On 2019/11/25 21:27, Jeff Layton wrote:
On Mon, 2019-11-25 at 06:08 -0500, xiubli@xxxxxxxxxx wrote:
From: Xiubo Li <xiubli@xxxxxxxxxx>
In case the max_mds > 1 in MDS cluster and there is no any standby
MDS and all the max_mds MDSs are in up:active state, if one of the
up:active MDSs is dead, the m->m_num_laggy in kclient will be 1.
Then the mount will fail without considering other healthy MDSs.
There manybe some MDSs still "in" the cluster but not in up:active
state, we will ignore them. Only when all the up:active MDSs in
the cluster are laggy will treat the cluster as not be available.
In case decreasing the max_mds, the cluster will not stop the extra
up:active MDSs immediately and there will be a latency. During it
the up:active MDS number will be larger than the max_mds, so later
the m_info memories will 100% be reallocated.
Here will pick out the up:active MDSs as the m_num_mds and allocate
the needed memories once.
Signed-off-by: Xiubo Li <xiubli@xxxxxxxxxx>
---
fs/ceph/mdsmap.c | 32 ++++++++++----------------------
include/linux/ceph/mdsmap.h | 5 +++--
2 files changed, 13 insertions(+), 24 deletions(-)

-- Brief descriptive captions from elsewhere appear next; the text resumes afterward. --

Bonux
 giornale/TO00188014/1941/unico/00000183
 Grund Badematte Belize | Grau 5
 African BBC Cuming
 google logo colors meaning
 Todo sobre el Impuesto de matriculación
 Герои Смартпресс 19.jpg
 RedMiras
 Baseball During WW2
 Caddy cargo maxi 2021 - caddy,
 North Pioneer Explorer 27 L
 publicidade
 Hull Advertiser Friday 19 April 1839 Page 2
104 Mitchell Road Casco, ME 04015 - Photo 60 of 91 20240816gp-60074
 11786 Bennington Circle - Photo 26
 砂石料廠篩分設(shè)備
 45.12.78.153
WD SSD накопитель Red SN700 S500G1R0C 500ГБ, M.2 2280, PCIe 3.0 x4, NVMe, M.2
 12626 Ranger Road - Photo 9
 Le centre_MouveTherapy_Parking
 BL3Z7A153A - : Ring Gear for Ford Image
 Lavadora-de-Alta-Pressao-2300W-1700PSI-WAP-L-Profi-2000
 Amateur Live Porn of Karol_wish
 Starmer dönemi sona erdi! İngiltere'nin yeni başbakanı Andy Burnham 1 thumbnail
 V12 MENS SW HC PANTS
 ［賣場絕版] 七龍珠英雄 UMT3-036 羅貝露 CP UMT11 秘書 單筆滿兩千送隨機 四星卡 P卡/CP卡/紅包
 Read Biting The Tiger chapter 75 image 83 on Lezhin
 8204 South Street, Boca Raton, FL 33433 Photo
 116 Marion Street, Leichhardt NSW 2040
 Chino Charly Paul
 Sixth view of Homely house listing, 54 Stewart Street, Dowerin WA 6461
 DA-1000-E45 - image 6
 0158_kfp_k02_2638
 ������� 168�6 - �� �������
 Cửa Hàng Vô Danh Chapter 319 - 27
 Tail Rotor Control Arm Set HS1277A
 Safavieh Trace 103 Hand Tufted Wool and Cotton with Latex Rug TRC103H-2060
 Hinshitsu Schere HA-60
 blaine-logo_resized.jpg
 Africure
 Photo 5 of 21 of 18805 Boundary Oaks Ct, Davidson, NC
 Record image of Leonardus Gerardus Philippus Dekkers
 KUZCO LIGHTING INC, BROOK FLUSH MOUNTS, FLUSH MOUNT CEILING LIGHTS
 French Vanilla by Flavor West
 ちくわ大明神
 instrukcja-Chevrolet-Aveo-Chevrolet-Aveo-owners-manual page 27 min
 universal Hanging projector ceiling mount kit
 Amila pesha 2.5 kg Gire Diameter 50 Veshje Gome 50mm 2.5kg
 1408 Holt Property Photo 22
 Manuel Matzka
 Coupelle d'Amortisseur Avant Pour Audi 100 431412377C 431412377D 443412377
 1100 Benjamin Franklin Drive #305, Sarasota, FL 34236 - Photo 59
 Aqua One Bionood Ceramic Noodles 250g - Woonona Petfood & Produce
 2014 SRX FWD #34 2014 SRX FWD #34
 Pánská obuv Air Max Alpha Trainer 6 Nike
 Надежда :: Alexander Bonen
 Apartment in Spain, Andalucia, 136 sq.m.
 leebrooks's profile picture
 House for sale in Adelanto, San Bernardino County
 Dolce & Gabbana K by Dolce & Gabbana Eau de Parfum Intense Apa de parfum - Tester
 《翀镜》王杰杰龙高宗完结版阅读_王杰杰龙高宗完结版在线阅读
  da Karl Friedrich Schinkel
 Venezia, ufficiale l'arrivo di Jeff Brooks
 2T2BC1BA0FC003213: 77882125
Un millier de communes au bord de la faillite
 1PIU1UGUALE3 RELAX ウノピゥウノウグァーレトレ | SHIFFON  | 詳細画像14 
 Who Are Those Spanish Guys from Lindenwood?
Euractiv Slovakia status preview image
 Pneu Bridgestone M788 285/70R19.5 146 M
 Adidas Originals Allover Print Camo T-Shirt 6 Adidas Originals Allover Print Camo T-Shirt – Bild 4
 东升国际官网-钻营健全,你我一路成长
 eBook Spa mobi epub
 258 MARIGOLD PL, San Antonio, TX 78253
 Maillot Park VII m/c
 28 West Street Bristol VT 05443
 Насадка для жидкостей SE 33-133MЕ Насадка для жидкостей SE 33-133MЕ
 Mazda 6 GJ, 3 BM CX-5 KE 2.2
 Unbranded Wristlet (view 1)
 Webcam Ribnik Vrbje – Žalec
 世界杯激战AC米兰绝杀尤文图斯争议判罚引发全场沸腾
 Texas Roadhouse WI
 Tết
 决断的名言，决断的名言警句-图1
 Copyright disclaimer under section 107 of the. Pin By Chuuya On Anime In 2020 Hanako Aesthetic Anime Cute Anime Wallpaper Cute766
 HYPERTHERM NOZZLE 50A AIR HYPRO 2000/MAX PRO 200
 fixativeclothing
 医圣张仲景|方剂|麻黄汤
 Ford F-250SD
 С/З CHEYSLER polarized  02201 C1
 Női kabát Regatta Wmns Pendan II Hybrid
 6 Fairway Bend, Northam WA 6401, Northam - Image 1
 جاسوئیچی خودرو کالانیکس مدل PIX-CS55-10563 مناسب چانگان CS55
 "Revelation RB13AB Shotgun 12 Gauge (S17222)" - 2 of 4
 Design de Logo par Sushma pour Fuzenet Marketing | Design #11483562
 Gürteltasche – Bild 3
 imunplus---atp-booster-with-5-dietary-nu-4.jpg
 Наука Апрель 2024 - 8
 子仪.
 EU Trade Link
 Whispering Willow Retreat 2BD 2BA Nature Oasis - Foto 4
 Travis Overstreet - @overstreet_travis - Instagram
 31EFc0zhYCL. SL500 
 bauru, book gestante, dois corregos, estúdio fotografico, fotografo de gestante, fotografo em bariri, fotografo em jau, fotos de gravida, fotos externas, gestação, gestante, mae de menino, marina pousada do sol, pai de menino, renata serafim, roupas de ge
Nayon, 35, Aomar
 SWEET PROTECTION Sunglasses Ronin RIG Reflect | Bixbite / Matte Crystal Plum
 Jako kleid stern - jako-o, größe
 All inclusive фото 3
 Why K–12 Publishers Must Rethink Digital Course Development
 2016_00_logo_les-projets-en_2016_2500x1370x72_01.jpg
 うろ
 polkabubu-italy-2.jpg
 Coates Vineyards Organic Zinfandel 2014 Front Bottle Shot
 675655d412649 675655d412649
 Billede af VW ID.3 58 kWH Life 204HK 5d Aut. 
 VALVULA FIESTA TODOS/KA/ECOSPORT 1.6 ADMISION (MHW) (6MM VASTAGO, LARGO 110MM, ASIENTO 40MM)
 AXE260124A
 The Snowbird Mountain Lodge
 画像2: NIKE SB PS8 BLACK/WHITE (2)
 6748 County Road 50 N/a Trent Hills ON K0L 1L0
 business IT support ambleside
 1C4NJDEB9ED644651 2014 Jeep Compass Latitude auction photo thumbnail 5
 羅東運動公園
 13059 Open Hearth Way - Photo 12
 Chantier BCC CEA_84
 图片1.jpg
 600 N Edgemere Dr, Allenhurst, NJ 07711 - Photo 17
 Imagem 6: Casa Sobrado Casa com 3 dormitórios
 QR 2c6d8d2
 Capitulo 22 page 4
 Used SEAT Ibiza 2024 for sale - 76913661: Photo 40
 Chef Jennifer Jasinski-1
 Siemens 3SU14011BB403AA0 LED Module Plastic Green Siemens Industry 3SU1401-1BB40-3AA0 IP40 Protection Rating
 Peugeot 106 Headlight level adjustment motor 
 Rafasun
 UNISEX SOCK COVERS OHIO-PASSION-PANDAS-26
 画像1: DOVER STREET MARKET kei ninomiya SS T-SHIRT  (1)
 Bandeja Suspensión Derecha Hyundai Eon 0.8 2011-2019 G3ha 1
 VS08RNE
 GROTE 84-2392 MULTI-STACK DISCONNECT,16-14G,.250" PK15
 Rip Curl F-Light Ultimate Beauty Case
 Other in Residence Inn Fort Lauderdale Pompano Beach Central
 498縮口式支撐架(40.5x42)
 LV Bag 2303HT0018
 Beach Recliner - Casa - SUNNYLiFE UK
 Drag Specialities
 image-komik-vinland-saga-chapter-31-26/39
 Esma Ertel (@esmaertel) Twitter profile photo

diff --git a/fs/ceph/mdsmap.c b/fs/ceph/mdsmap.c
index 471bac335fae..cc9ec959fe46 100644
--- a/fs/ceph/mdsmap.c
+++ b/fs/ceph/mdsmap.c
@@ -138,14 +138,21 @@ struct ceph_mdsmap *ceph_mdsmap_decode(void **p, void *end)
m->m_session_autoclose = ceph_decode_32(p);
m->m_max_file_size = ceph_decode_64(p);
m->m_max_mds = ceph_decode_32(p);
- m->m_num_mds = m->m_max_mds;
+
+ /*
+ * pick out the active nodes as the m_num_mds, the m_num_mds
+ * maybe larger than m_max_mds when decreasing the max_mds in
+ * cluster side, in other case it should less than or equal
+ * to m_max_mds.
+ */
+ m->m_num_mds = n = ceph_decode_32(p);
+ m->m_num_active_mds = m->m_num_mds;
m->m_info = kcalloc(m->m_num_mds, sizeof(*m->m_info), GFP_NOFS);
if (!m->m_info)
goto nomem;
/* pick out active nodes from mds_info (state > 0) */
- n = ceph_decode_32(p);
for (i = 0; i < n; i++) {
u64 global_id;
u32 namelen;
@@ -218,17 +225,6 @@ struct ceph_mdsmap *ceph_mdsmap_decode(void **p, void *end)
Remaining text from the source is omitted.